This post could go in a number of directions and as such, what results will not cover nearly what it should. If you’ve seen the film Food Inc., you know about the team of private investigators, the hotline, and the middle of the night visits to farmer’s houses all in the name of patent infringement. And it isn’t just the film saying this. Here is what Monsanto released on their own website:
“When one farmer sees another farmer saving patented seed, they will often report them. Many of the tips Monsanto gets about farmers saving patented seeds come from other farmers in the same community.”
One hundred and forty cases have been brought against such reported farmers whose crimes have to do with saving patented seed material. Only, it’s not just those who save seeds, it’s those who want to save their own public seed but in the process inadvertently save patented Monsanto seeds that have blown onto their crops from neighboring farms. In normal tort law, farmers would be able to bring a suit against Monsanto for being a nuisance with their pollutant patented seeds. But it doesn’t seem to work that way. Instead, farmers turn each other in. Monsanto is proud that only one hundred and forty farmers have been tried, only one hundred and forty farmers have had to spend incredible amounts on legal representation and eventual settlements (likely because they were simply unable to continue to fight Monsanto). They like to say that out of the three hundred thousand farmers they sell seed to, only one hundred and forty of them have been dishonest. The moral burden of a label like dishonest is Monsanto’s own way of describing these farmers. On that same website entry entitled “Follow-up to Monsanto Farmer Lawsuits” they say,
“Enforcing patent law is not much different from the enforcement of other laws. Most people respect the law. Often, honest citizens will report those who break the law. The same is true for patent infringement involving saved seed. The vast majority of farmers respect patent laws and honor their agreements to abide by that law. ”

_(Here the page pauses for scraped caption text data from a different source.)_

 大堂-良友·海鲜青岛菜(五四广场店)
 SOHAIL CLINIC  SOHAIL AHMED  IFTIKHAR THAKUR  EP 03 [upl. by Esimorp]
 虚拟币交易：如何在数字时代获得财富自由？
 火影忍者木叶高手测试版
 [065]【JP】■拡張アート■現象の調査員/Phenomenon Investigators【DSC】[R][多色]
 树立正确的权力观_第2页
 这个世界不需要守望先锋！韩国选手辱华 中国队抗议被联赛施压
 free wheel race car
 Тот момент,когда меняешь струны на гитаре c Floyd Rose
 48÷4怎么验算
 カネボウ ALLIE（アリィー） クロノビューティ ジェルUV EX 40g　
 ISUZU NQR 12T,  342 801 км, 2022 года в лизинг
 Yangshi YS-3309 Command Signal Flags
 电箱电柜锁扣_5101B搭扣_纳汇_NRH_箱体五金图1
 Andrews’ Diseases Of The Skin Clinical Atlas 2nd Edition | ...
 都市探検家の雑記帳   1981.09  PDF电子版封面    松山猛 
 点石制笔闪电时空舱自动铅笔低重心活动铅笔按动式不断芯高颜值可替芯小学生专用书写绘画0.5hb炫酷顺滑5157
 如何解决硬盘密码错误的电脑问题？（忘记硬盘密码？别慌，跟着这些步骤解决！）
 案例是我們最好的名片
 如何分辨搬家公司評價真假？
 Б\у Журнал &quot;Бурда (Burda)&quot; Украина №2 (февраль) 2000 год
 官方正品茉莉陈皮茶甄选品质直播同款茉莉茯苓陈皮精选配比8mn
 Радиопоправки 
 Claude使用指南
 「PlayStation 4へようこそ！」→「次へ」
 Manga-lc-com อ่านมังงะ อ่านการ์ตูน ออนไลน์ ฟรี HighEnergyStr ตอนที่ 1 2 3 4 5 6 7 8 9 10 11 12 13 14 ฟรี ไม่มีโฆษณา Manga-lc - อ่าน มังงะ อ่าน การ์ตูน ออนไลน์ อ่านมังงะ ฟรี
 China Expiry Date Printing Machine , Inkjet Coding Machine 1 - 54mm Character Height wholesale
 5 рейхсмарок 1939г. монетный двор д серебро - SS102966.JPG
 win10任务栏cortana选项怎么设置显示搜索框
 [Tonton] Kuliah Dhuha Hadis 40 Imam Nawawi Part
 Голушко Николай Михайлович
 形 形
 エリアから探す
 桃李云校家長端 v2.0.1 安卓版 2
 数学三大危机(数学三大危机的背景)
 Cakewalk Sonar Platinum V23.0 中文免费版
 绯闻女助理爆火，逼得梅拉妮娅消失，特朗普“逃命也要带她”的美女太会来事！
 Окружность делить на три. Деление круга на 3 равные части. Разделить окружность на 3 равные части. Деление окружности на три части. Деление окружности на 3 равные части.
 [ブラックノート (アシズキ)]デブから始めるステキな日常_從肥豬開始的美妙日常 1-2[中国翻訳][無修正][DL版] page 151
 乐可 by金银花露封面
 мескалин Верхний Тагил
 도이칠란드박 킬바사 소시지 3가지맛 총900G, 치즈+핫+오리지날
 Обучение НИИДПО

It is hard for me to understand how one is supposed to find Monsanto’s motives as honorable or honest. A few stray seeds makes you a criminal. One of the farmers who faced a lawsuit from Monsanto and was featured in Food Inc., is Moe Parr. Moe Parr was sued because, in his business cleaning seed to be saved, he had helped clean Monsanto patented Roundup Ready seed. Monsanto replied to the publicity his case received by stating that Mr. Parr was not being transparent. On their website, posted under the title “Maurice (Moe) Parr,” Monsanto attempts to shed light on Mr. Parr’s supposed sleight of hands with the facts. Monsanto, attempting to negate Mr. Parr’s assertion that he settled with Monsanto in light of rising legal costs, points out that Mr. Parr knew it was illegal to save patented seed and yet he encouraged his clients to save the seed. All of this of course does nothing to negate rising costs. Finally, Monsanto helpfully points out,
“Mr. Parr is able to continue to clean conventional soybeans, wheat and other non-patented seed crops.”
Monsanto corners the market. Not only will it be difficult for him to find clients still using public seed, becoming increasingly rare, but he will also have to separate out any patented seeds that may have contaminated that public seed. And in the process, Monsanto has turned farmers against each other. When Monsanto has a greater ability to regulate farmers than the FDA, something needs to change at the policy level.